At times, I have been astonished by the depth of understanding that someone may have of me and my process. A word is spoken, a look shared, an embrace received and I think, “How can you know me so well?” It is almost as though the other was within my mind or heart, sensing my deepest need and providing it graciously. But, of course, their perception is entirely referential, grounded in what behavioral scientists call theory of mind. Most people have the capacity to sense what another may think or feel because it is so remarkably similar to their own experiences of loneliness, sorrow, joy, or wonder. True intimacy is the point at which my theory of the other’s mind approaches their reality. Such knowing is rare and comes at a cost. It requires work and attention and a willingness to set aside the lenses of personal history, unreasonable fear and cultural expectation that we normally bring to our seeing, bringing an often uncomfortable level of vulnerability to our experience of the other. Imagine the trust that comes with the Zulu exchange of greeting – “I see you!” and its response, “I am here.”
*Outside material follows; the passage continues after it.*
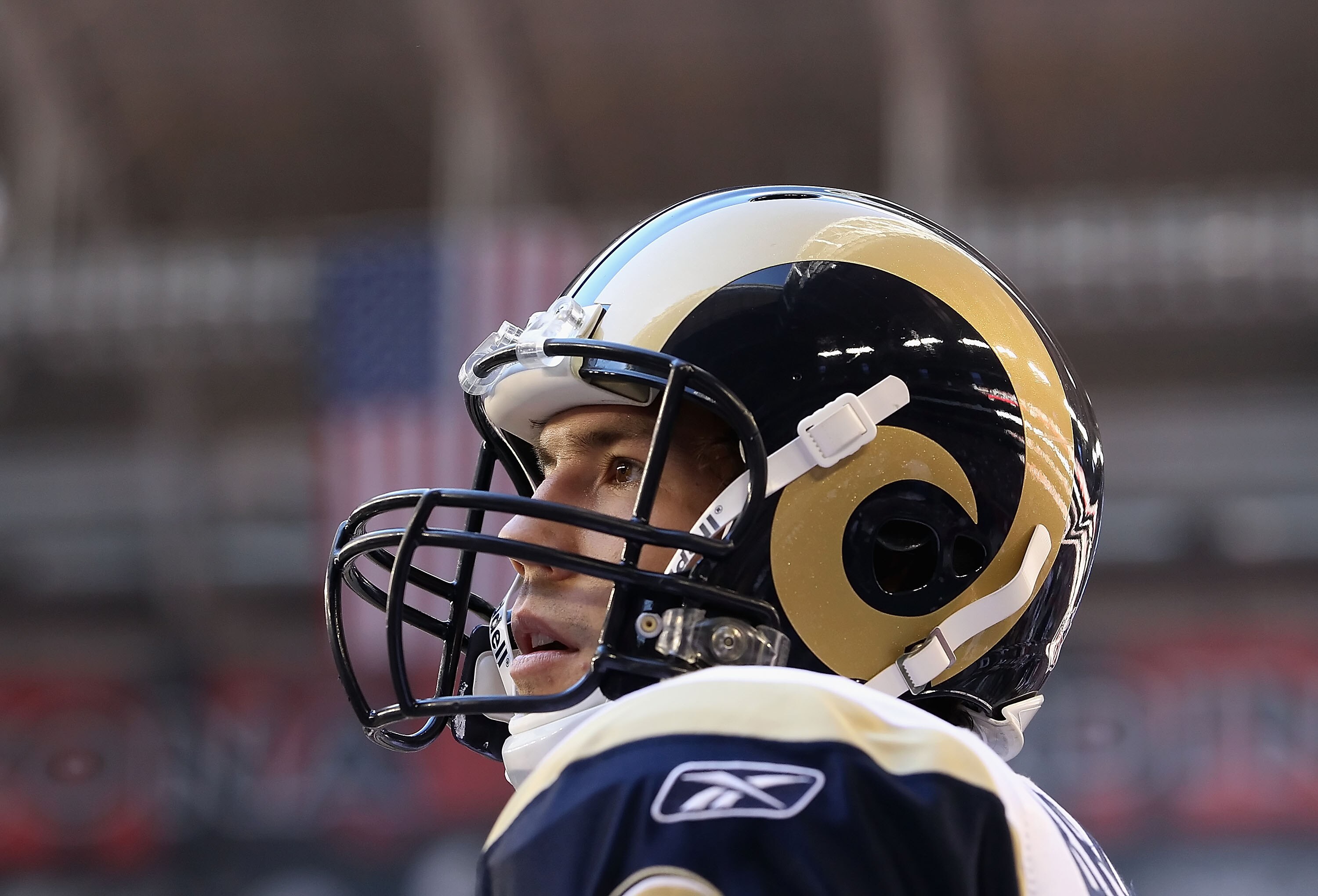 GLENDALE, AZ - DECEMBER 05:  Quarterback Sam Bradford #8 of the St. Louis Rams during the NFL game against the Arizona Cardinals at the University of Phoenix Stadium on December 5, 2010 in Glendale, Arizona. The Rams defeated the Cardinals 19-6.  (Photo b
To be here, to be seen is to require a lowering of emotional  veils that I use to shield myself from intrusive eyes that would, in their knowing of me, own me to some extent. But knowing another also means recognizing something true about self – my knowing of you is dependent upon my knowing about my own capacity to be outside of self and in the heart and mind of another.

One of my favorite stories from antiquity is the appearance of God to Moses in the burning bush. Moses is confronted with something unknown, something mysterious, something other. In the exchange that follows, he asks, “What’s your name?” He was asking for more than a polite way to address this other – he wanted some power over it, for to know someone’s name was to exert some control over the other, to possess something of their essence. He was attempting at least to level the field, perhaps even to get “one up” on the other.

The hunger to know another and to be known provided the substance of the music of my adolescence – What’s your name — is it Mary or Sue? To know, know, know him is to love, love, love him. You don’t know me… There were as many hopes and dreams for knowing and being known as there were songs (in all fairness, I have to say that contemporary popular music may dwell on the same themes, but as I seem physiologically incapable of understanding the lyrics, I wouldn’t know).

“Before I formed you in the womb, I knew you,” God says to Jeremiah in this week’s Old Testament lesson. Can that be? Does that somehow have a mysterious or hidden meaning that can be theologically extrapolated to some distasteful concept like predestination? Or was God saying something like the experience that I myself felt when my wife and I were expecting our first child (here I go, making referential assumptions about God) – I knew that this child-to-be (male or female, big or small, smart or dumb) was already adored. I knew that my own life had changed and was now in great measure adjectival to the life yet to emerge. I knew that I was unprepared for the entrance of this other into my life, yet I was desperately anxious for its emergence. I knew what I wanted for this other – health and happiness and wisdom and an ability to negotiate difficulties with ease and someone who would ultimately love this person almost as much as I already did. I had a name (two of them, actually) for this new life, a name that would grow more precious with each speaking (the unused name, incidentally, was later bestowed on a cat who entered my life most unexpectedly).

Perhaps that’s all the text means – not that there is a fixed future with events dramatic or mundane that God already has figured out, but that no matter what unfolds, an unshakeable and devoted bond is formed even in the womb. At least, that’s what it may mean. I don’t know, but I’m just dying to find out.